* Task details
Exact repetition of a range: find the line containing "Papel De Presente" and the line containing "Fairfax Oak Ladder Back Chair - PU Seat Fairfax" in the material below, then repeat both and all lines between them, leaving pictures out.

* Data for the task

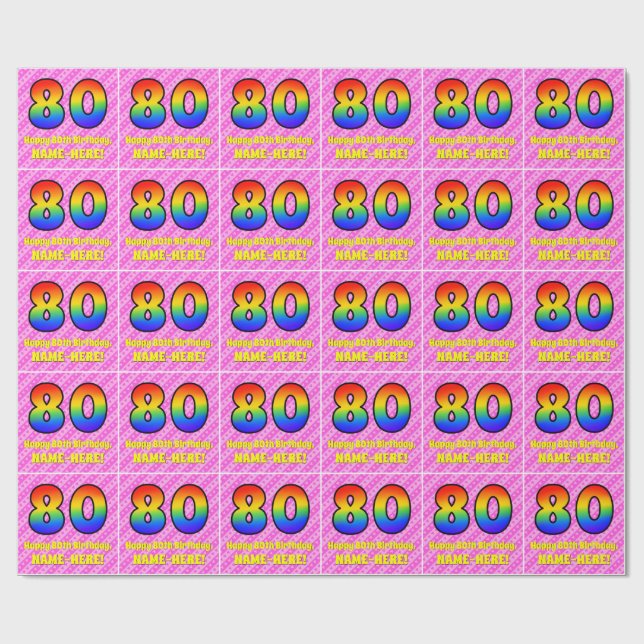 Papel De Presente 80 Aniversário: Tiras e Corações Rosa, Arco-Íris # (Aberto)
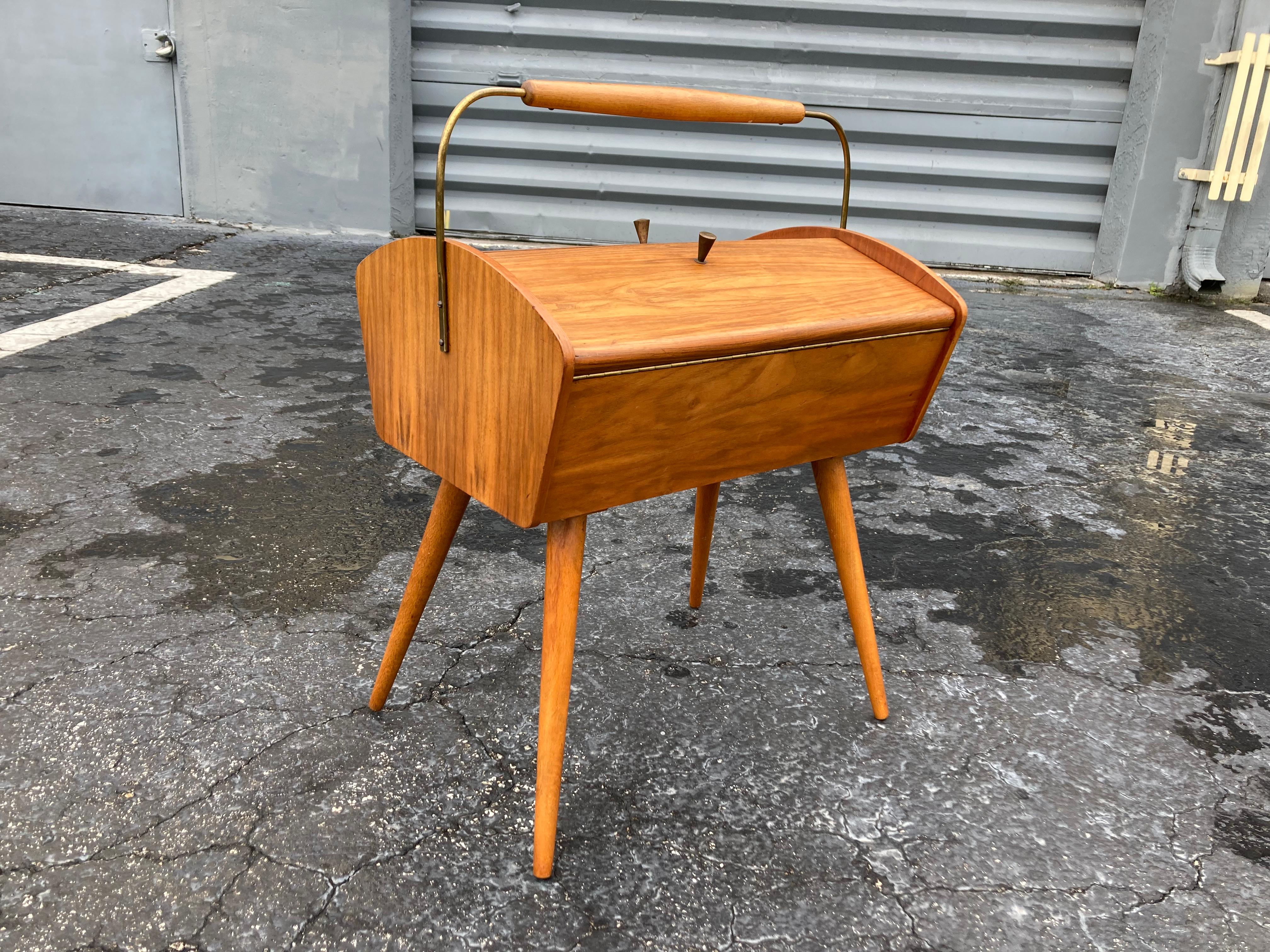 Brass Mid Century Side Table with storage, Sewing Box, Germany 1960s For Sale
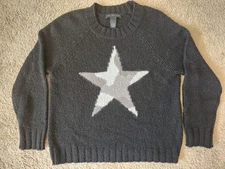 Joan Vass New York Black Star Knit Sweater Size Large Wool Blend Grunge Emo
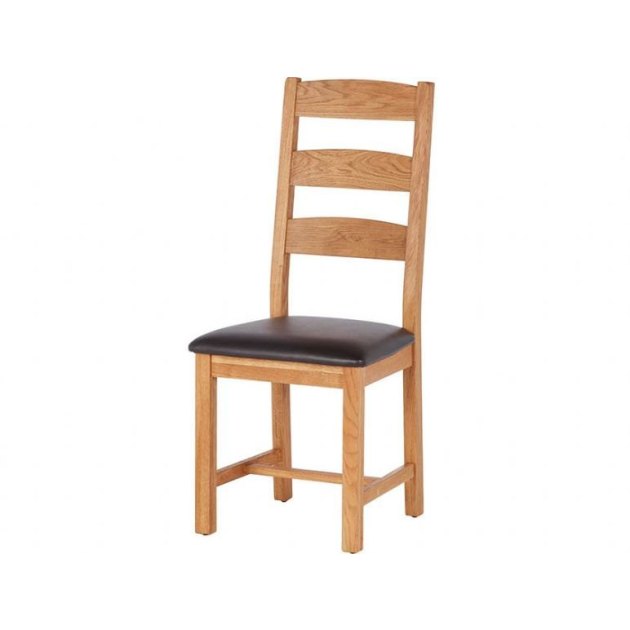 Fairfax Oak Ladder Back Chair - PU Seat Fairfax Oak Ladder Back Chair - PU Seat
* * *
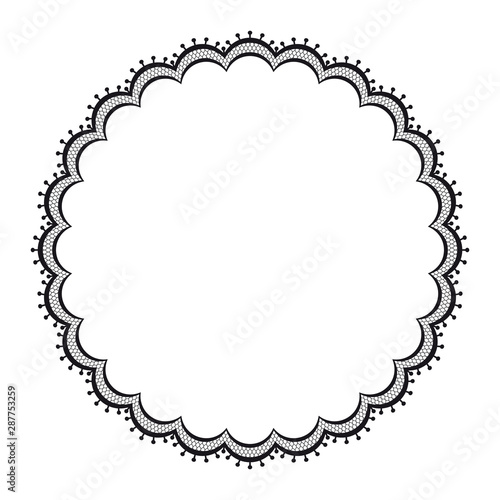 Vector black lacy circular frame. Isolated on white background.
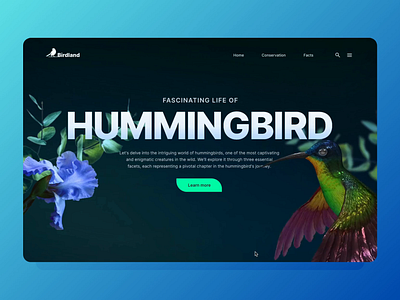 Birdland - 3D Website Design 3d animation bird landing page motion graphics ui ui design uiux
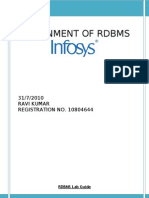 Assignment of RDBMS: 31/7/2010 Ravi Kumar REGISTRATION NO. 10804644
==
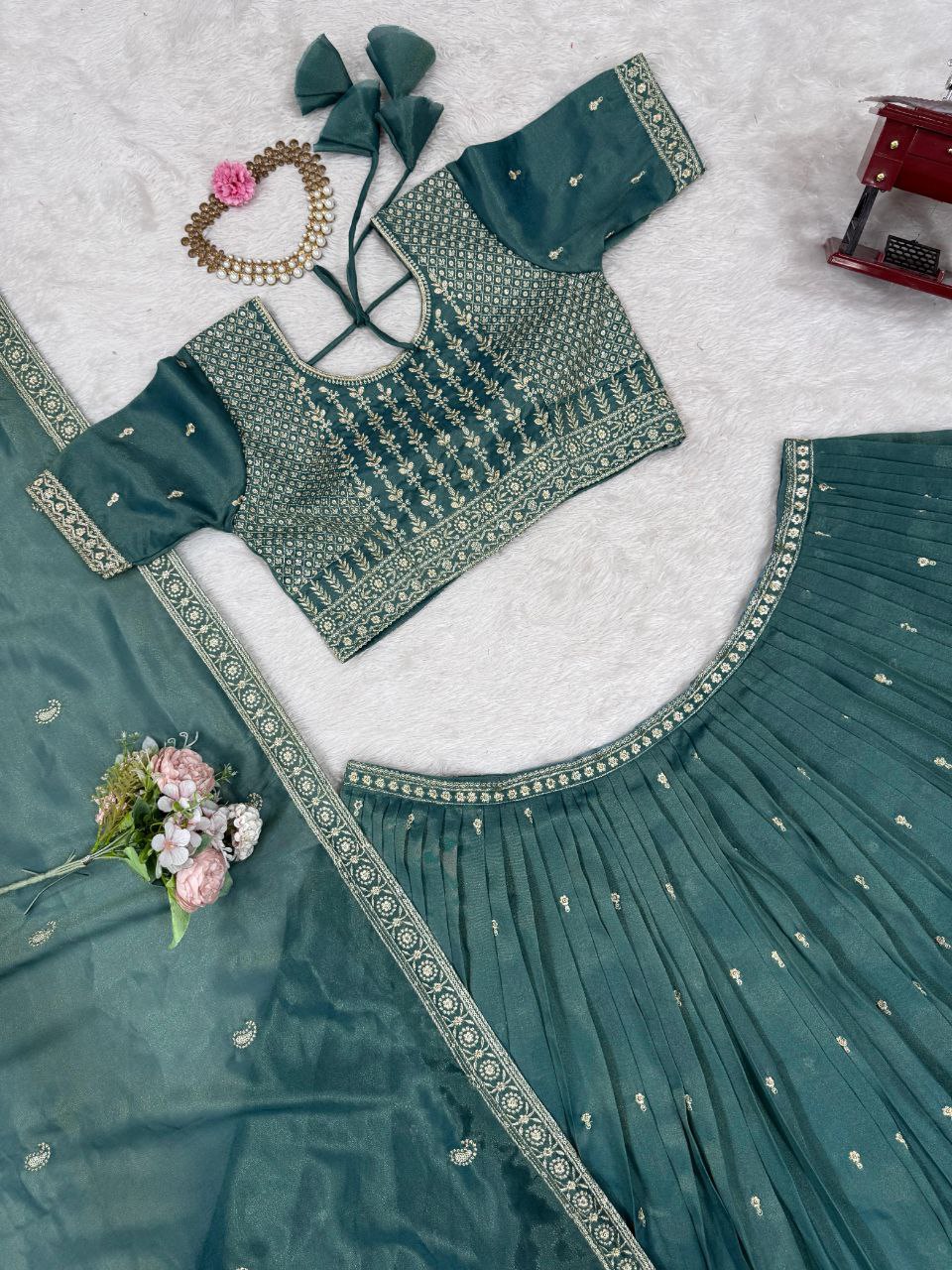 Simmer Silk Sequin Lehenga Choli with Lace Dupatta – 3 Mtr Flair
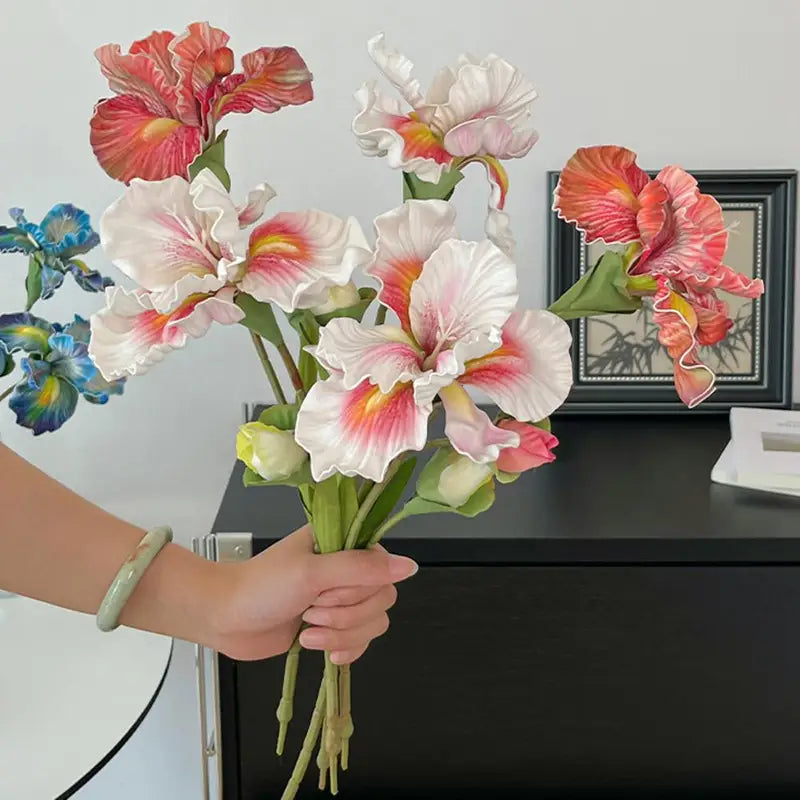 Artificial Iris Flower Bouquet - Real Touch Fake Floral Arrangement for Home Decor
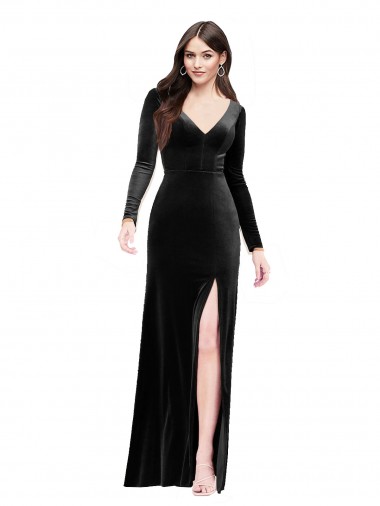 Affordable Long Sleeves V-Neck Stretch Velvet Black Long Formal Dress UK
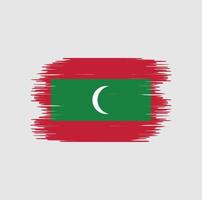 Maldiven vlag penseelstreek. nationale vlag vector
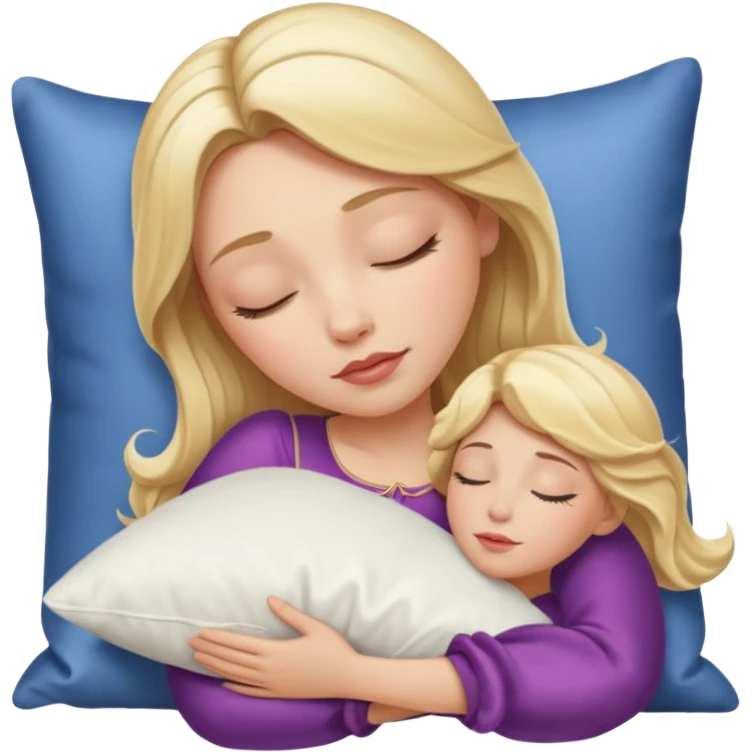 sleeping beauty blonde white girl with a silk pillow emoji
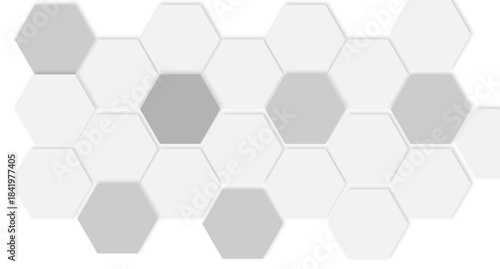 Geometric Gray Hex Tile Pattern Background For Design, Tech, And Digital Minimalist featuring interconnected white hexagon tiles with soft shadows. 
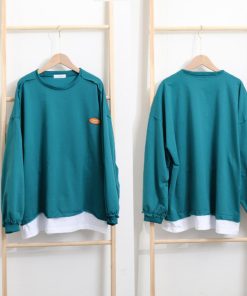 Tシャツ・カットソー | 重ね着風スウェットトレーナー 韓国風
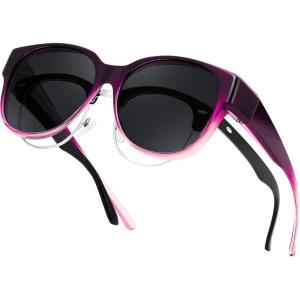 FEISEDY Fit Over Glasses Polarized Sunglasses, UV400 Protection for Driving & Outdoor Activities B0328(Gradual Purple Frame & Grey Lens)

* Written response
 Papel De Presente 80 Aniversário: Tiras e Corações Rosa, Arco-Íris # (Aberto)
 Brass Mid Century Side Table with storage, Sewing Box, Germany 1960s For Sale
 Joan Vass New York Black Star Knit Sweater Size Large Wool Blend Grunge Emo
 Fairfax Oak Ladder Back Chair - PU Seat Fairfax Oak Ladder Back Chair - PU Seat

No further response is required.